## [WHAT THE TASK ASKS]
Each line from the top of the listing down to and including the line with "Gerimport Lade organizer" must be duplicated exactly; pictures are to be skipped.
[Opening INFORMATION SUPPLIED section]
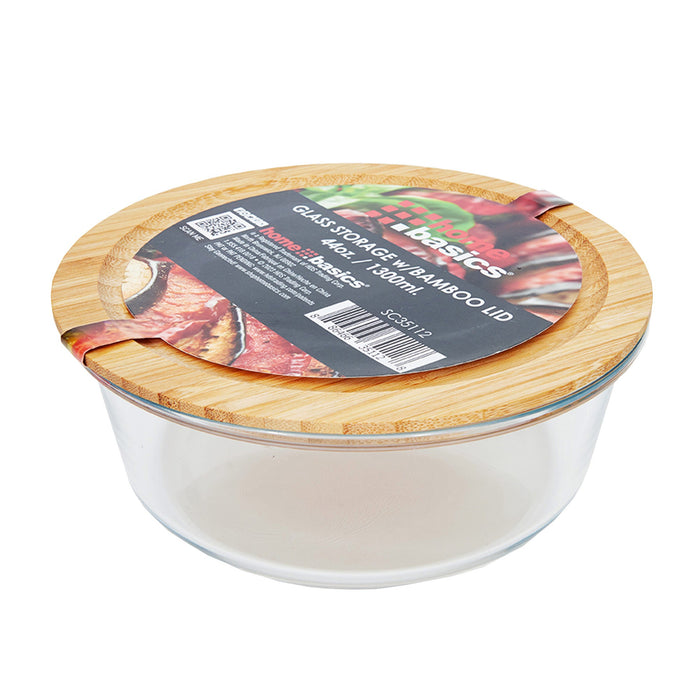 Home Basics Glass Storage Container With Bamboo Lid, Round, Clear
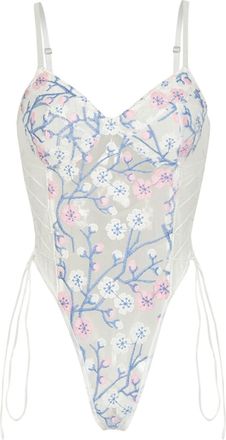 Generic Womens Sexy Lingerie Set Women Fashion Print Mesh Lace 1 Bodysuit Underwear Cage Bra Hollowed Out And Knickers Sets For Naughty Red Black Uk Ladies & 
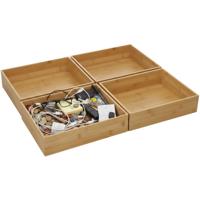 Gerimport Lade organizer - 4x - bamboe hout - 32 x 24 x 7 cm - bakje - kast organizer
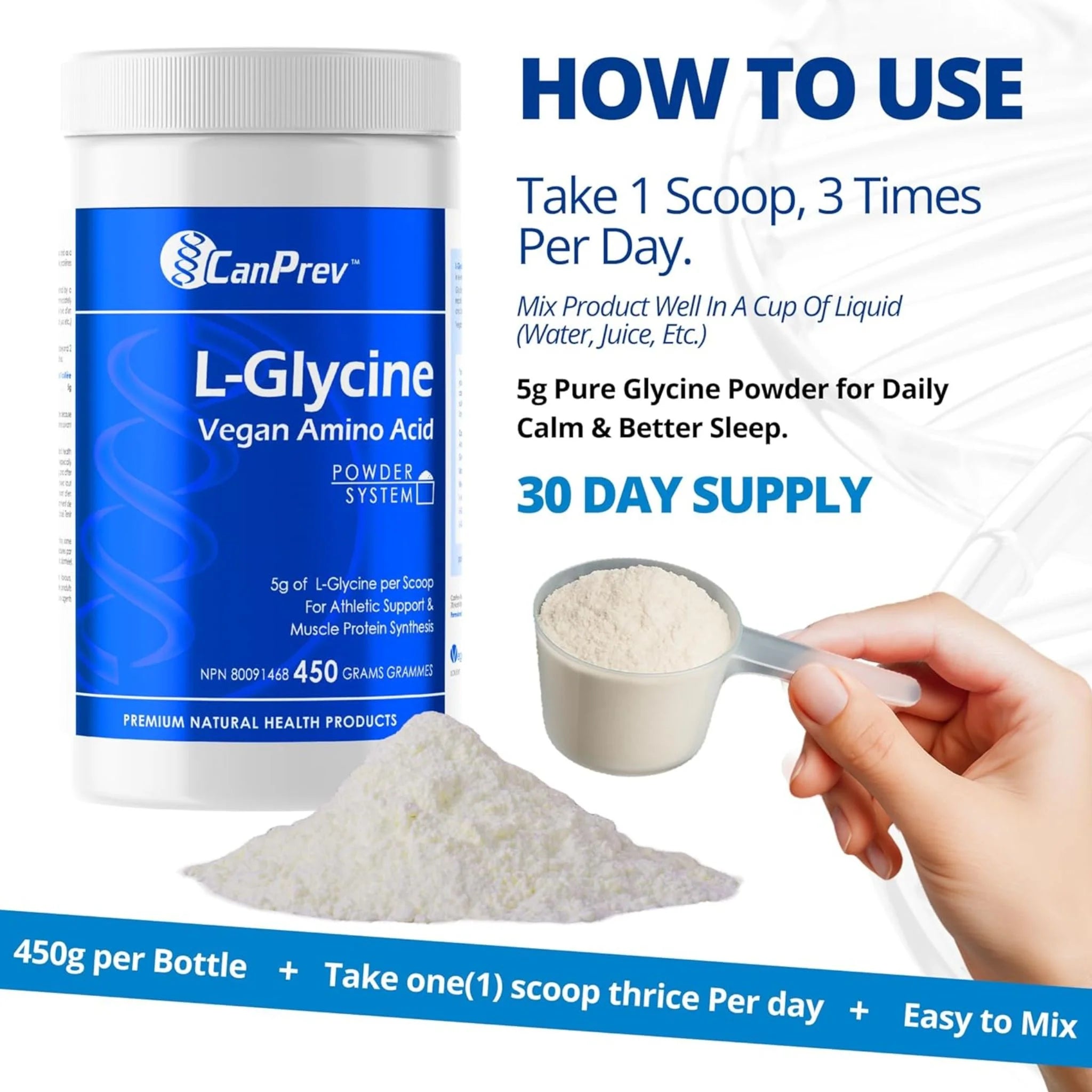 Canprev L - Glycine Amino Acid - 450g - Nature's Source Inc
[Closing INFORMATION SUPPLIED section]
## [RESPONSE TO THE EXERCISE]
 Home Basics Glass Storage Container With Bamboo Lid, Round, Clear
 Generic Womens Sexy Lingerie Set Women Fashion Print Mesh Lace 1 Bodysuit Underwear Cage Bra Hollowed Out And Knickers Sets For Naughty Red Black Uk Ladies & 
 Gerimport Lade organizer - 4x - bamboe hout - 32 x 24 x 7 cm - bakje - kast organizer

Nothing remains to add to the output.